Records: not my cup of tea!! |
Each year about this time we are confronted with accounting for our farming practices over the last year and reporting our plans for the next. This is no small matter! In Biodynamic organic certification, we annually update four (long!) documents, two for Demeter Biodynamic certification, two for Stellar Certification Services organic certification, plus an assortment of forms for inputs, labels of inputs, crop plans and production reports, and seed search reports. Each year we submit to a rigorous regimen and pay for the privilege as well! — in inspection costs, certification costs with Demeter and Stellar, and royalties, as well as licensing costs and royalties with the County of Napa and with the California Department of Health.
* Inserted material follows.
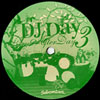 DJ DAY / DAY AFTER DAY #3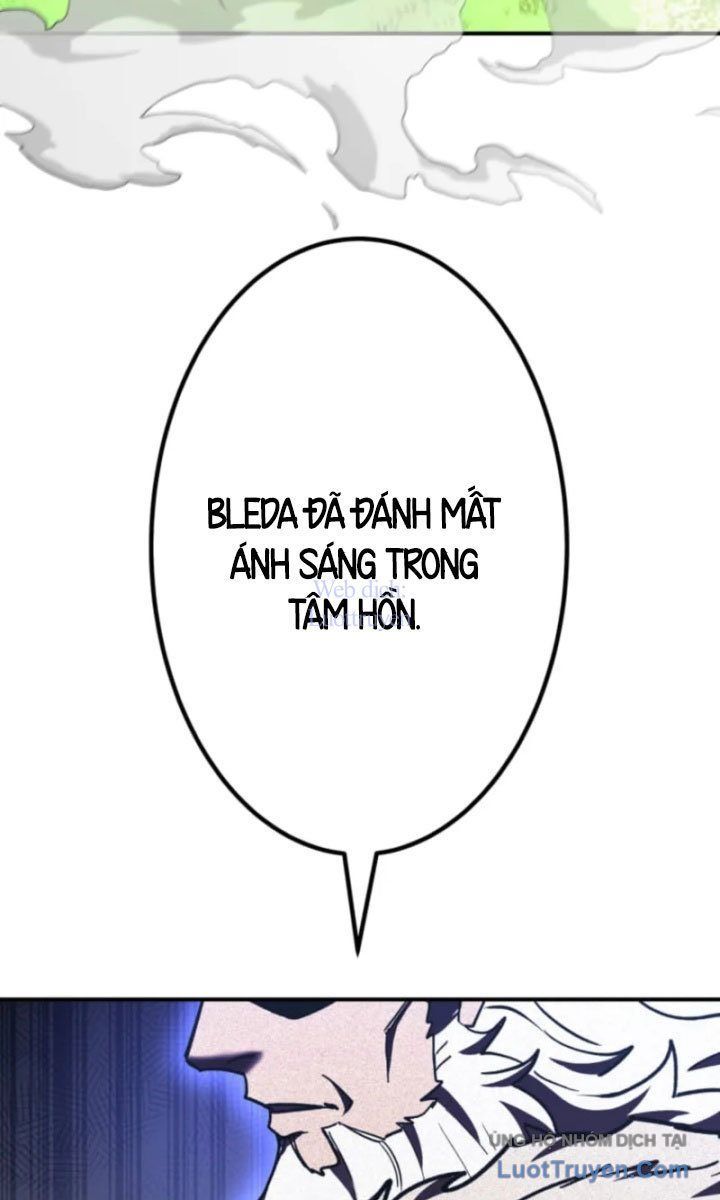 Trở Thành Cuồng Nhân Ở Chính Thế Giới Mà Mình Tạo Ra Chapter 8 - 185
We are asked: How much compost have you made? What is in it? How do you make your pile? How hot does it get, and for how long? What kinds and numbers of animals do you have? Do you haul manure, and if so, how far? (Demeter considers the energy cost of doing so.) How much compost is enough for your land? too much? How many vines/fruit trees are enough, given the land you live on? What is the impact on the larger environment of what you do?
And this is only for the compost! Every detail of farming is questioned!
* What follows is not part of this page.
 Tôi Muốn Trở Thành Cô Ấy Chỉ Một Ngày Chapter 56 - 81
I will be honest: it is a real drag to answer these questions. It puts me in a grumpy mood! A real whiner in me wonders why we have to do this, and, on top of it, pay to do so, and with three different entities!— while farmers up and down the valley are dumping toxic chemicals disguised as herbicides, pesticides, fungicides, and fertilizer ( as much of 55% of it leaving site, according Pesticide Safety, University of California Publication 3383)) and get by without paying for the larger damage they are causing! (Okay, I know this is a rant!)
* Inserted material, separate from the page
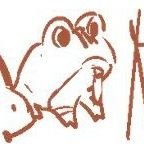 ZAIさんのプロフィール画像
One hundred years ago, these certification questions would have been easier to answer, before quantity, efficiency, and profit outpaced balance. Farms were diverse; crops were rotated, animals, a given, necessary part of the operation. But the 1970‘s brought a revolution in which monocropping and “industrial” practices for animals were touted as more efficient, and we all bought into it. It is the Faustian bargain of our age: to use whatever we can get our hands on regardless of the impact on anyone/thing else, with profit as the highest value and motive. This makes sense to the majority of the population!
Demeter insists that we consider the impact, and I suppose in the long run, this is why we keep “putting up” with this discipline. Farming in this way is similar to a psychological analysis. Who in my analytic practice has ever come because they enjoy having to look at all the ways they contribute to being out of balance within themselves and with others? Yet necessity dictates: a relationship fails, depression wraps its dark wing around the soul, the unconscious floods the night with dreams that waken.
Carl Jung said that “the psychological problem of our age is a spiritual problem, a religious problem” (C. G. Jung Speaking: Interviews and Encounters). I would say this is also true of farming and more generally, of our relationship with the earth. When we treat the earth as an object, we rationalize our exploitation of it as a right. But when we consider the Earth as a community of living beings, a symphony of spirit, ourselves only one part (and, as the Lakota say, a younger part as well!), we are opened to the connectedness of everything. Respect becomes a part of the interaction. Our environmental crisis would look quite different through the lens of respect for the other, even the not-human other.
This is one reason why my husband and I continue with the discipline of Biodynamic farming. These certification questions remind us of our interconnectedness with our farm and all that resides here, as well as with the larger ecosystem of which we are a part. It is one small way we can personally address the larger environmental imbalance we are facing.